Project Uplift enables high-achieving rising high school seniors to experience college life on the Carolina campus during the summer. The students spend two days visiting classes, meeting with faculty and staff, interacting with Carolina students and participating in cultural and social activities. UNC Diversity and Multicultural Affairs runs the program. It is designed for students from underrepresented populations, such as American Indians, African Americans, Hispanic/Latinos and Asian Americans, as well as prospective first-generation college students and individuals from rural areas.

“Thirteen years ago I attended a program that changed my life,” says Ada Wilson Suitt, director of Inclusive Student Excellence at UNC Diversity and Multicultural Affairs. “Project Uplift has played an incredible role in my educational, professional, personal and social development, and my story is not unique.”

The 45th anniversary celebration begins Friday (May 2) with a cultural show at the Sonja Haynes Stone Center Theatre that will feature performances by many Carolina student groups and organizations.
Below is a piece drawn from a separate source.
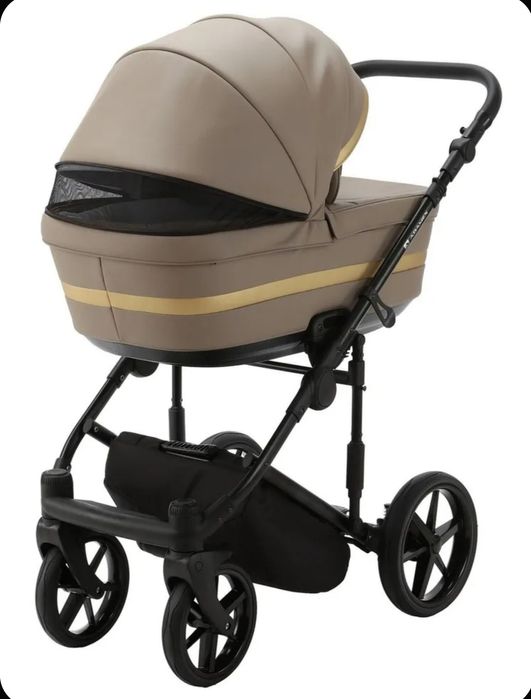 Продам коляску 2 в 1 Adamex rimini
The celebration continues Saturday with a welcoming ceremony, a keynote address by Carolina alumnus Archie Ervin, testimonials from Project Uplift alumni and updates about the program. Ervin is the former associate provost for Diversity and Multicultural Affairs at UNC-Chapel Hill and is currently vice president for institute diversity at Georgia Institute of Technology.
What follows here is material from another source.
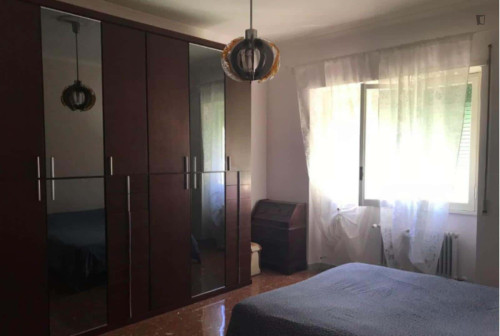 Room in Via dell'Aquila Reale, Roma for 85 m² with 3 bedrooms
UNC sophomore Angel Washington is a Project Uplift alumna who became a Project Uplift counselor and is the on-campus coordinator-elect.

“As a high school student I saw how much of a family PU staff was, and the effect they had on me was unbelievable. I knew I wanted to be standing on the other side,” Washington said. “PU 45 will be a time of celebrating 45 years of changing the lives of thousands of students.”

Read more about Project Uplift’s 45th anniversary.

Published May 2, 2014.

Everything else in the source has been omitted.